Short text fragments from websites:
********************

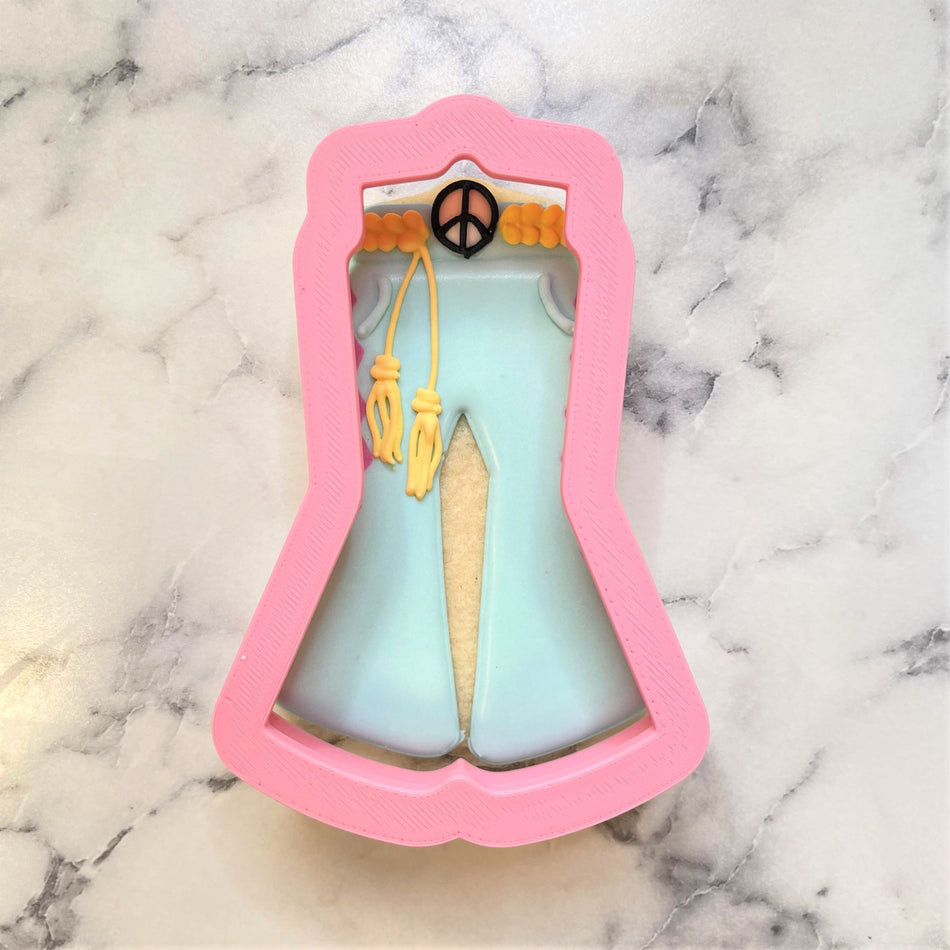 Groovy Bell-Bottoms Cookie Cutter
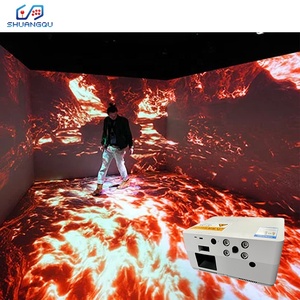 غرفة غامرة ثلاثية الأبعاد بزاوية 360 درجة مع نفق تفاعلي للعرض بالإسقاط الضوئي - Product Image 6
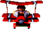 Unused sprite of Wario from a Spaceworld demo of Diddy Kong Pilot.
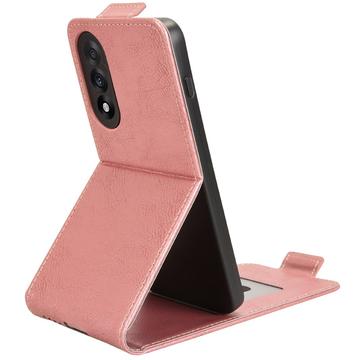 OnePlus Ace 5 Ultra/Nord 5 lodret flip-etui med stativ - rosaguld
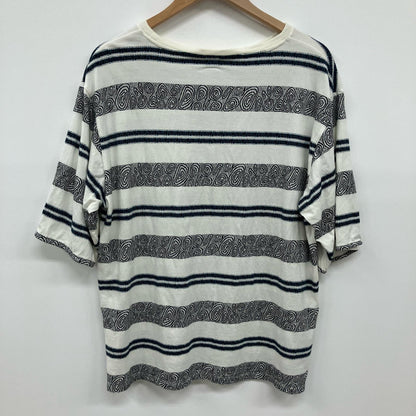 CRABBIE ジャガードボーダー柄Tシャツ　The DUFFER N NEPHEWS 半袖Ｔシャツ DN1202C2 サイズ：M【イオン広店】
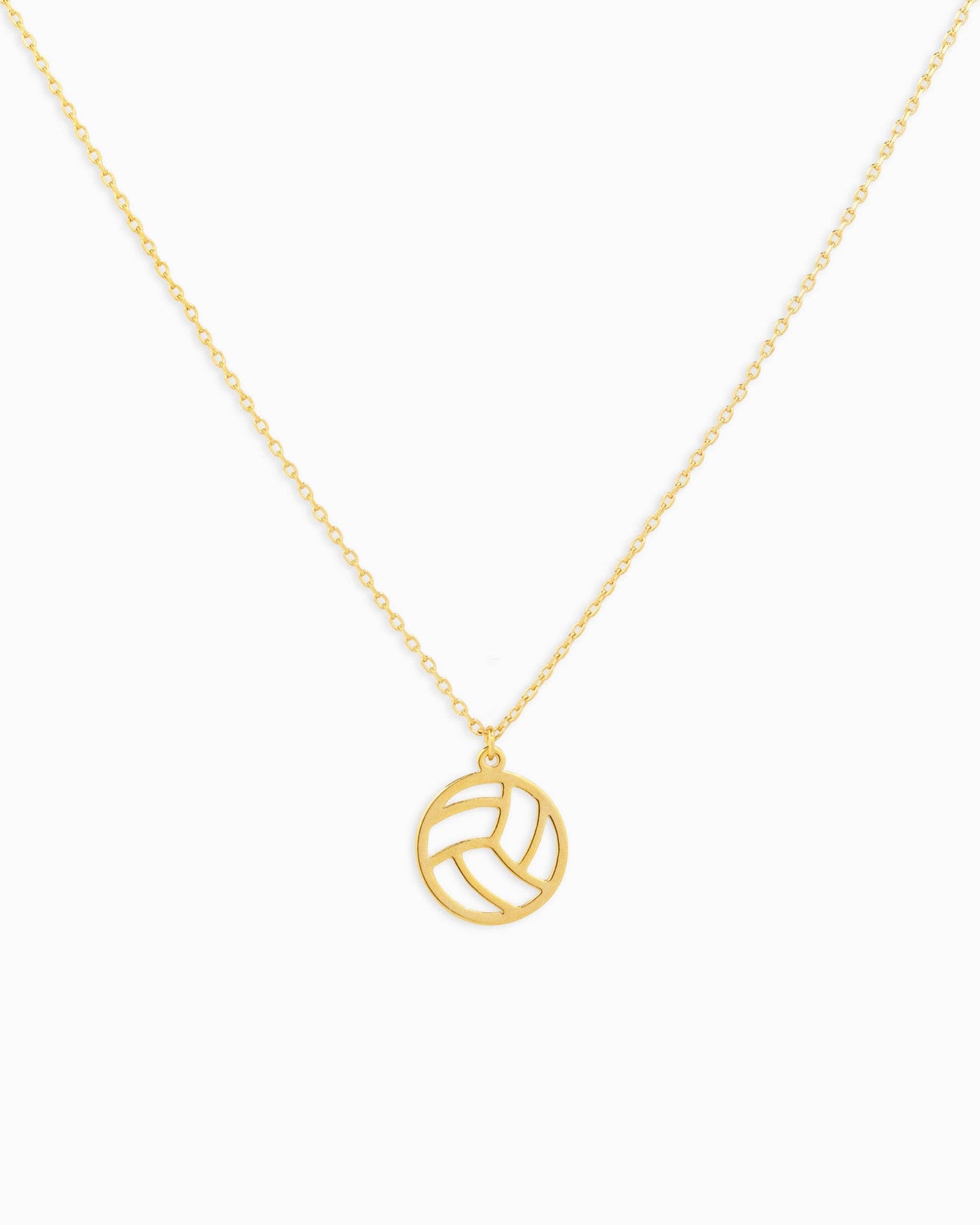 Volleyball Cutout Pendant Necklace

********************

Pictures are to be omitted. The lines from the line holding "CRABBIE ジャガードボーダー柄Tシャツ　The DUFFER" through the closing line of the data above are to be set down exactly, and nothing more.

◆ FINISHED TASK ◆
 CRABBIE ジャガードボーダー柄Tシャツ　The DUFFER N NEPHEWS 半袖Ｔシャツ DN1202C2 サイズ：M【イオン広店】
 Volleyball Cutout Pendant Necklace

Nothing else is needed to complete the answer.